Goodson and Anderson, I'll be honest, I don't remember so much. GSN can't get ahold of their seasons or something. But Goodson's Wikipedia has him listed as more of a producer and his season lasted a year, so I'll leave that where it is. And I remember my parents asking, "Louie Anderson? Really?" His lasted two years.

Richard Karn, better known for his supporting role on Home Improvement, gets the most air-time with GSN now. I used to not like him simply because he wasn't Richard Dawson. However, as time has passed, I've noticed he does that thing I like, playing the game along with the contestants. He'll put his full confidence in answers and even guess remaining answers once the round is over. He's as welcoming as Dawson, with more energy than Combs. If I had to pick an absolute favorite host, he's my pick.

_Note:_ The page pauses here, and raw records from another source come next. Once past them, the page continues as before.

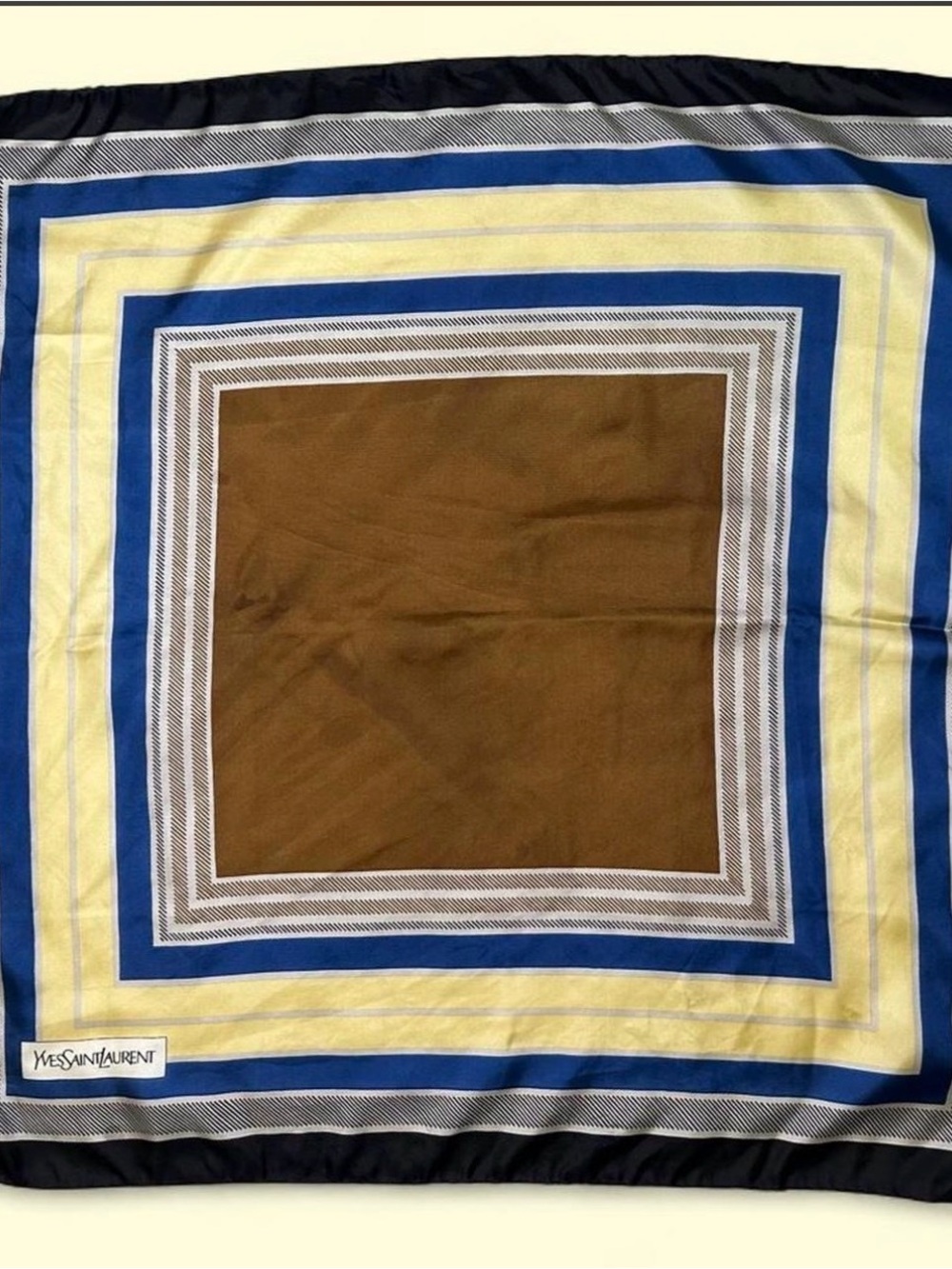 Yves Saint Laurent Silk Scarf in Blue, Yellow & Cream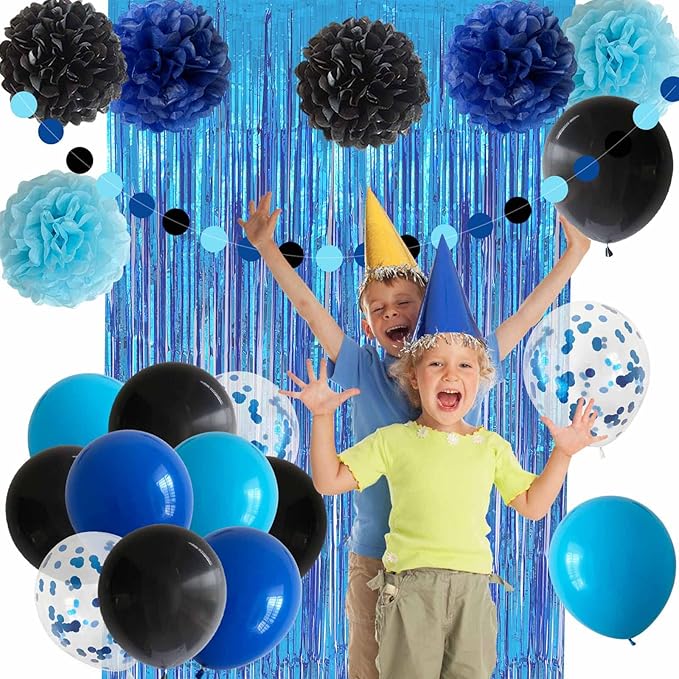 Blue and black balloons decoration for birthday party celebration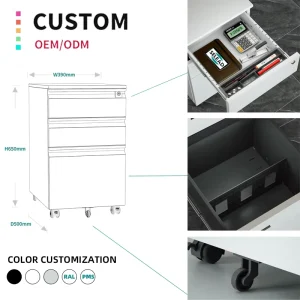 Steel Mobile Pedestal 3 Drawer Adjustable Workshop Filing Cabinet with Movable Storage for Office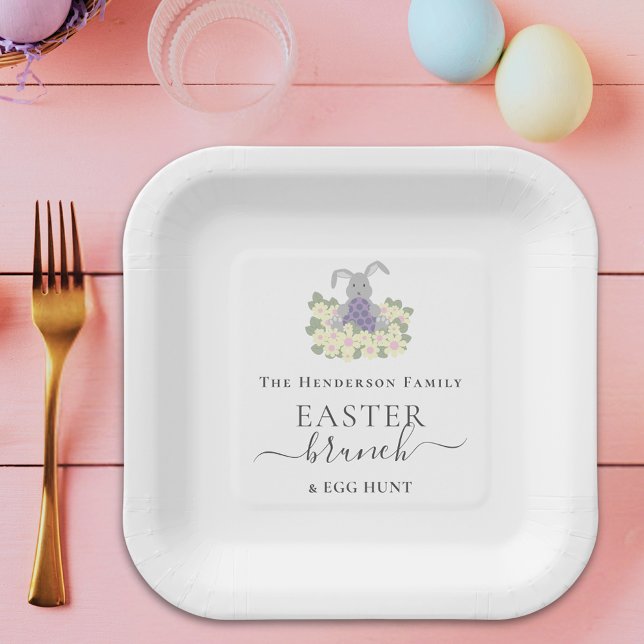 Assiettes En Carton Personalized Easter Brunch and Egg Hunt  (Personalized Easter brunch and bunny egg hunt spring party paper plates Elegant whimsical script)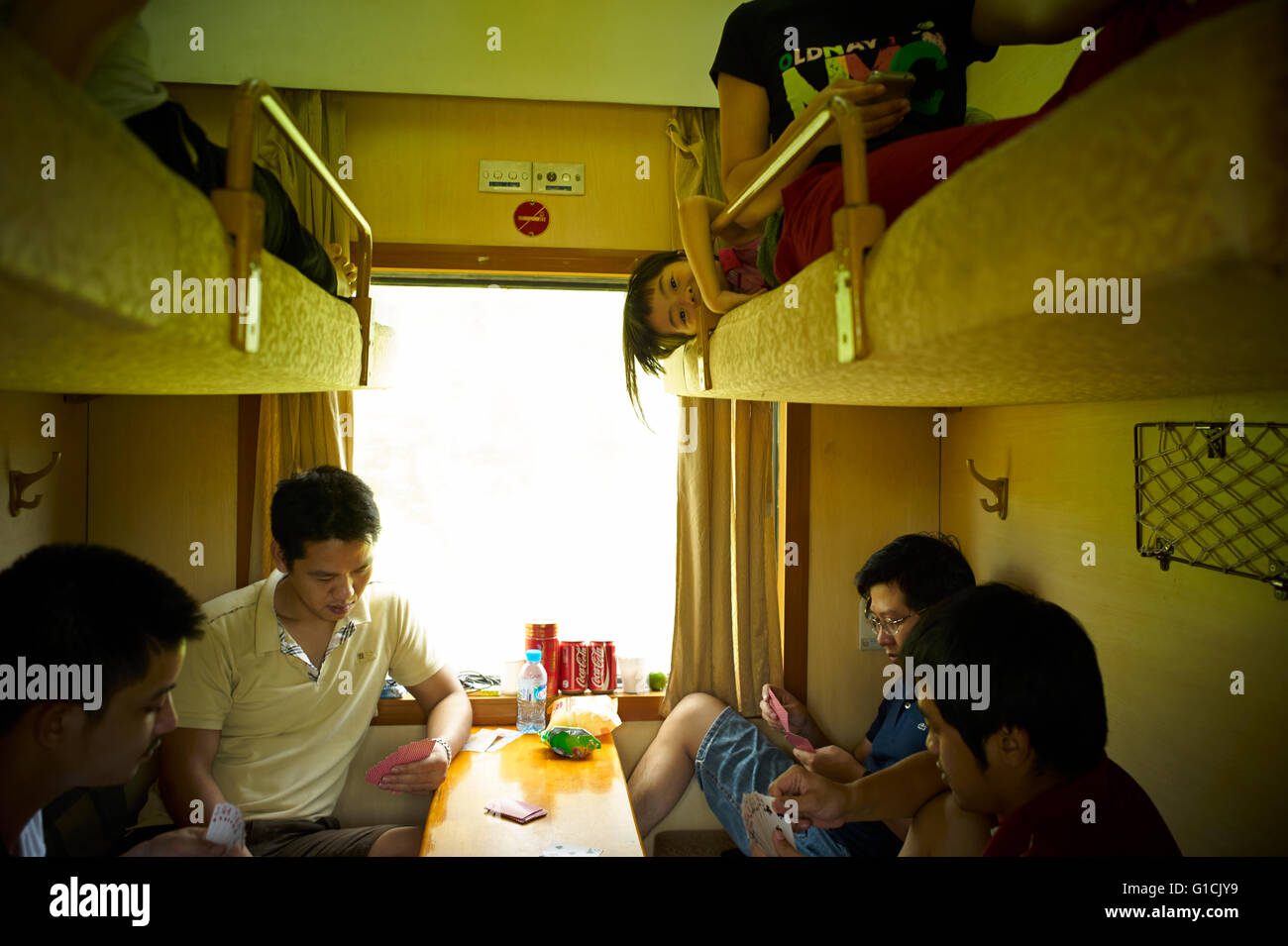 Reunification Express, Train journeys in Vietnam. Vietnam ways of life. Stock Photo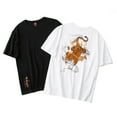 thumbnail image 3 of Streetwear Japanese Harajuku Tshirt Short Sleeves Shirt Embroidery Tiger Rebirth Urban Fashion Tee, 3 of 6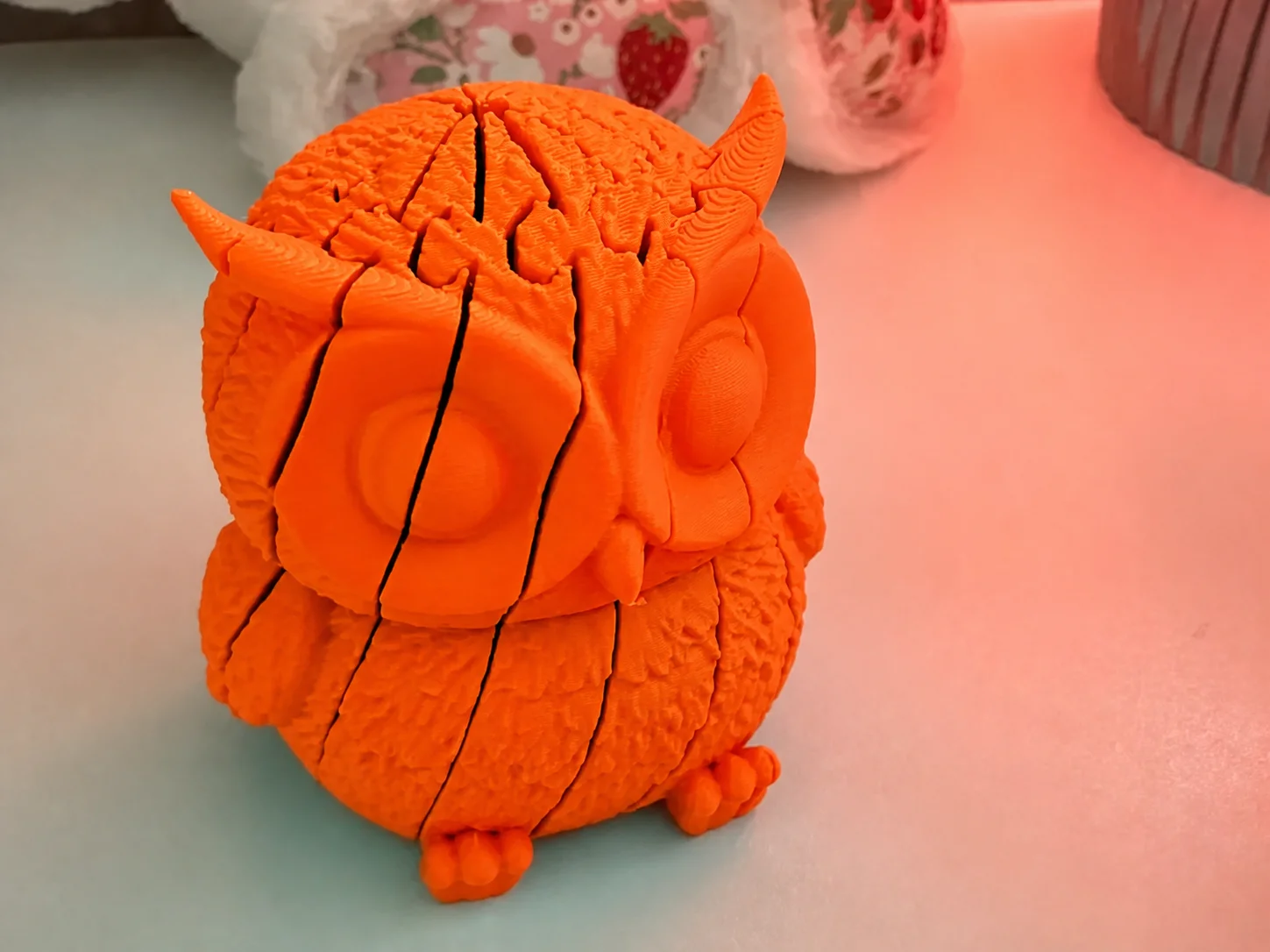 3D Baskı Hareketli Baykuş Figürü - Eklemli Flexi Oyuncak - Turuncu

I'm sorry you're gone, Richard, but since you left after seven seasons, I imagine you were ready for something new.

John. O. Hurley. When I saw Spamalot in Vegas, O'Hurley played the role of King Arthur. And it was awesome. Anyhow, he carries a lot of that energy he had from Seinfeld which is way too funny. But while it's kooky and ridiculous, it bears something refined, something classy, something that draws you in. His charisma made the show something I wanted to watch. He's my number two.

Now the show is hosted by Steve Harvey. Really? *exasperated groan* I wish this part would be about the same length as the others, but it's just so easy to accentuate the negative. First and foremost, for a game where words can be incredibly important, you'd think they'd pick a host that spoke and enunciated clearly. Nope. At least once an episode I'll have no idea what he just said. Most of the time it'll just be one word, but a critical word that if misunderstood can alter the question entirely. Secondly, sometimes when the team gives an answer he thinks is funny, he'll go off with it and tangent, leaving the game, the reason I've tuned in, completely ignored. I've seen him tangent for over a minute, which is just astonishing. -Ly bad. And while we're being negative, it's not Harvey's fault, but they are polling some hicks or something because whole surveys are coming out with sloughs of bad answers. I swear they keep it up just to see the look on Harvey's face when "Man's Rod" comes up as an answer. All this and rating are up 40% from when O'Hurley hosted. It's gotta be a crime somewhere.

So it's not as much to say as Lingo drew, but I'm still clearly not happy with our current host of what is an American classic.  This is me wishing I had more to say and that my conclusion was longer.